Citizen investors in the state

The most important reform was the Bank of England’s creation in 1694. The key purpose of the Bank, the issuer of the world’s first government bonds, was to channel investment from citizens towards the state. In a forerunner of what Edgerton calls the warfare state, the innovation of public debt provided the financial means to rebuild military capacity. Investment into defence manufactures delivered battlefield superiority, especially in naval power, that would build the British empire.

Government patronage was also bestowed on the City of London. As David Kynaston’s magisterial history demonstrates, the City’s development into a global financial centre depended on the state’s systematic and sustained support. Simultaneously, the slave trade and expansion of commerce alongside the British empirefacilitated the emergence and expansion of a number of ancillary services such as insurance.

Manufacturing gets a short shrift

The manufacturing sector meanwhile was largely excluded from this global financial network. Britain’s manufactures instead financed their economic activity through reinvesting profits, inherited wealth, and loans from family and friends.

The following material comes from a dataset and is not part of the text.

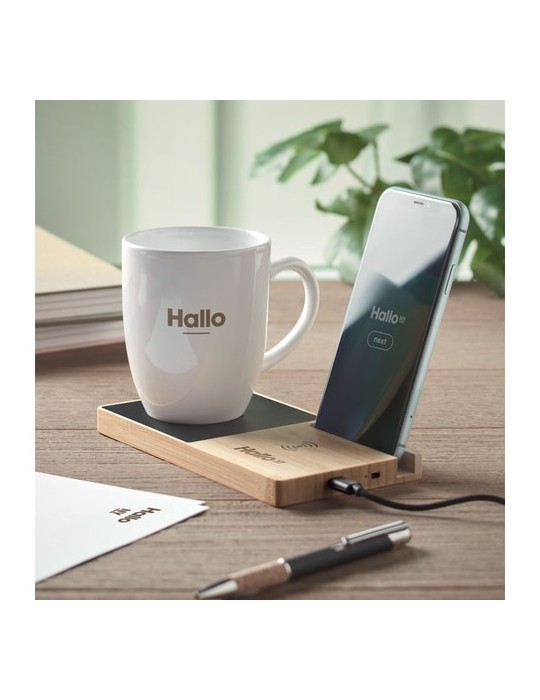 Chargeur Chauffe-Mug Pratique et Sans Fil Personnalisé - SIBIT pas cher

The result was inadequate capital investment in the technological modernisation of industrial production putting UK manufacturers at a competitive disadvantage with scientifically superior American and German industrialists.

The promotion of financial services over civilian manufacturing contributed to the growing dominance of services in the UK economy. By the Victorian period the service industries of finance, distribution, transport and communication were the principal sources of UK economic growth.

20th century industrial strategy followed a similar pattern with military concerns providing significant stimulus for ‘picking winners’. The Treasury granted direct subsidies to support the development of new industries with the potential for future military application such as civil aviation.

The interwar period did see a growing willingness to countenance state support to civilian manufacturing, a trend that persisted after the second world war. Britain’s manufacturers enjoyed a post-war renaissance. However, by the mid-1960s, the revival began to dissipate. The growth of UK manufacturing output lagged behind international competitors and, from 1966, manufacturing’s contribution to employment began to fall.

Back to the future

The economic upheavals of the 1970s frequently credited with spurring radical change in UK industrial strategy. In reality, UK industrial policy went back to the future. Defence manufacturers and financial services have always attracted state support. This is vividly portrayed in the decision to mortgage the nation’s public finances to bail out the City of London, while continuing to allow the civilian manufacturing to wither in the face of global competition.

While Theresa May’s industrial strategy has novel features, including delivering a welcome focus on the role industrial strategy might play in improving productivity and solving the ‘grand challenges’ of the future, it stands within a much longer tradition than generally appreciated. Whatever else it may achieve, it is unlikely to dramatically alter the UK’s economic landscape.